I think probably the biggest impression defensively, they’re really comfortable with their system. They’ve got a system that’s tested and true. They believe in it, and they play it extremely well. Play very hard on defense, and they’re very fundamentally sound. Certainly make you work, and they’re coming off a really big win against a very good football team, and I think the overriding impression is the big thing, they’re not going to beat themselves. They play smart football. They’re playing really good football, and so if you’re going to beat them, you’re going to have to really earn it. For us it’s going to require us to play well in all three areas, certainly play as well as we have all season long to have a chance to pull this off. That’s kind of where our focus is right now.
On the captain front we’ve got the same four guys as last week. We’ve got Nate Stanley, Toren Young offensively, Kristian Welch defensively and then Brady Ross on special teams. Injury-wise Kristian is getting some work. I don’t know if he’ll be able to play or not, but at least he’s showing improvement now, so that’s a reason for hopefully some optimism, and then also Brandon Smith is coming along. I doubt that he’ll play this week. Hopefully he can dress out at least and warm up, but he’s making progress. We’ll just kind of take that day by day and see where all that goes.
3:05 kickoff, it’s a little bit unusual, but it’ll end up being a night game, second half at least, and we should have a great crowd, so I know we’re anxious to get back in Kinnick. It’s been a while since we’ve had a chance to play there, and I think our team is all very excited about that.
Q. Do you think maybe sooner on Brandon than later?
KIRK FERENTZ: At least it’s encouraging. He’s actually out there running out the trainers and starting to move around, change of direction, those types of things. We’ll see how fast it comes along, but it’s at least encouraging.
Q. Does the team need Kristian to be — I know you want your senior linebacker there, but you guys need him?
KIRK FERENTZ: It certainly helps. It certainly helps to have senior players out there, and he’s a leader. He’s been voted captain, I think, weekly here. Just tells you the respect everybody has for him. I think the young guys have done a good job, but anytime you have a senior in the lineup it’s a healthy thing. Hopefully at least he’s getting closer. We’ll have to see how the week pans out here.

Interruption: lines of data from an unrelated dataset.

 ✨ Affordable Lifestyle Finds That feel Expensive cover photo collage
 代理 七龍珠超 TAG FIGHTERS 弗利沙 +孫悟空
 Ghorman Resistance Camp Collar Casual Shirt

Q. When you look at Tanner Morgan, a lot of things stand out, the way he runs the RPO, from my novice point of view, maybe a Brock Purdy type. What have you seen from him?
KIRK FERENTZ: Yeah, the first thing is his statistics. I think he’s 21 touchdowns, four picks, I believe. That’s a really good indicator that not only is he being productive but he’s being smart with what he’s doing. I think that’s probably the biggest thing right now. They don’t beat themselves. A big part of that is the quarterback play. He’s really done a good job. He’s a young player, but he’s not playing like a young player, and that’s really impressive. They’ve got good guys to throw it to, too, and that puts a lot of pressure on you. They’ve got a good run game and good pass game, so they’re very balanced that way.

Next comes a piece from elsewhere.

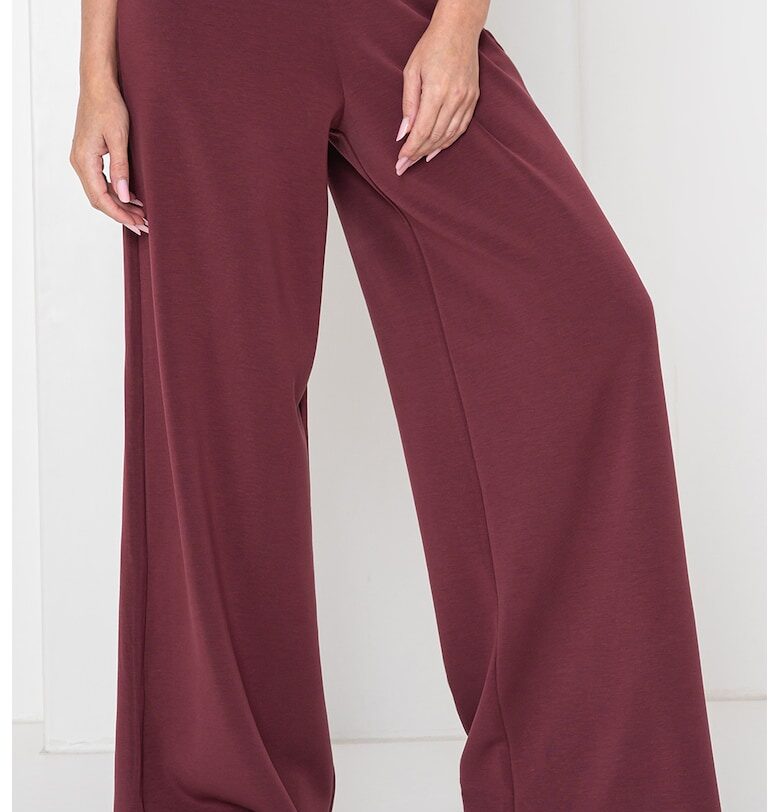 Фитнес панталон с модал - Тъмновиолетов GUESS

Q. A lot of their plays have been big plays in the receiving game, especially last — well, all season long. Is that schematic or is that more by yards after contact or the catch?
KIRK FERENTZ: A little bit of each, but we had great respect for the receivers last year. I thought they were one of the better groups in the Big Ten, if not the best a year ago. One guy was a little bit more veteran than the other guys. Those two guys stood out, but the third guy was really good, also. Now it’s a year later, year plus. We played them earlier, and they’re just continuing to grow. They’re really all excellent receivers, so they can take balls and run with them, but they also will throw the ball deep and do it successfully. They do a good job.
Q. The way you and your players are describing Minnesota today, it sounds similar like when you guys are playing really well at the top of your game, the balance and running. Is that kind of what you see, some similarities there?
KIRK FERENTZ: That’s what you’re shooting for certainly. We’re not near as big as those guys, but that’s what we want it to be, and throw Wisconsin in there, too, kind of similar that way. You know, that’s what you’re hoping to do is get a good balance. They’ve got that statistically the way they run the ball and throw the ball successfully, and they’re just playing well. They’re playing with a lot of confidence right now. They’ve earned that, and they’ve improved with every phase this season, which is a real credit to their players and their staff.
Q. Do you see any similarities to kind of what happened to you guys in ’15?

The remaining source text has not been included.